Die Empörung in den sozialen Medien ist riesig. Da wird von "kollektivem Entsetzen" gesprochen, von einer "Debatte über digitale Gewalt" und von einer "Diskussion über digitale Übergriffe und deren Kontrolle". Ja, genau, als wäre Ulmen ein digitaler Vergewaltiger, der sich heimlich im Netz herumtreibt und ahnungslose Ex-Frauen stalkt. Dabei ist noch nicht einmal klar, was genau er getan haben soll. Aber hey, warum sich mit Details aufhalten, wenn man sich kollektiv über einen Prominenten auslassen kann?

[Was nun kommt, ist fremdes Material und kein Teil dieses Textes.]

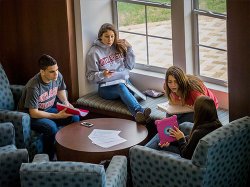 Students sitting around in a Residence Hall showing one-another things on an iPad and studying.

Die Solidarität mit Collien Fernandes ist "breit", wie es so schön heißt. Prominente und viele Nutzer zeigen sich "entsetzt" über die Vorwürfe gegen Ulmen. Und was genau heißt das? Dass sie jetzt alle einen Shitstorm gegen ihn lostreten? Dass sie ihn in den digitalen Kerker sperren wollen? Dass sie ihm das Fell über die Ohren ziehen möchten? Ja, genau das! Denn nichts ist schöner, als sich kollektiv über einen Prominenten auszulassen, der angeblich etwas getan hat, was man ihm nicht nachweisen kann.
Und während Ulmen sich wahrscheinlich fragt, was zum Teufel gerade passiert ist, wird er von allen Seiten angegriffen. Da wird von "digitaler Gewalt" gesprochen, von "Übergriffen" und von "Entwürdigung". Ja, genau, als wäre er ein digitaler Sadist, der seine Ex-Frau systematisch demütigt. Dabei ist noch nicht einmal klar, ob das alles der Wahrheit entspricht oder ob Collien Fernandes sich einfach nur rächen will.
Aber hey, warum sich mit Fakten aufhalten, wenn man sich kollektiv über einen Prominenten auslassen kann? Warum warten, bis die Wahrheit ans Licht kommt, wenn man schon jetzt einen digitalen Lynchmob organisieren kann? Ja, genau das ist der Geist der Zeit: Beschuldigen, verurteilen, bestrafen - und zwar sofort, ohne Beweise und ohne Rücksicht auf Verluste. Denn nichts ist schöner, als sich kollektiv über einen Prominenten auszulassen, der angeblich etwas getan hat, was man ihm nicht nachweisen kann.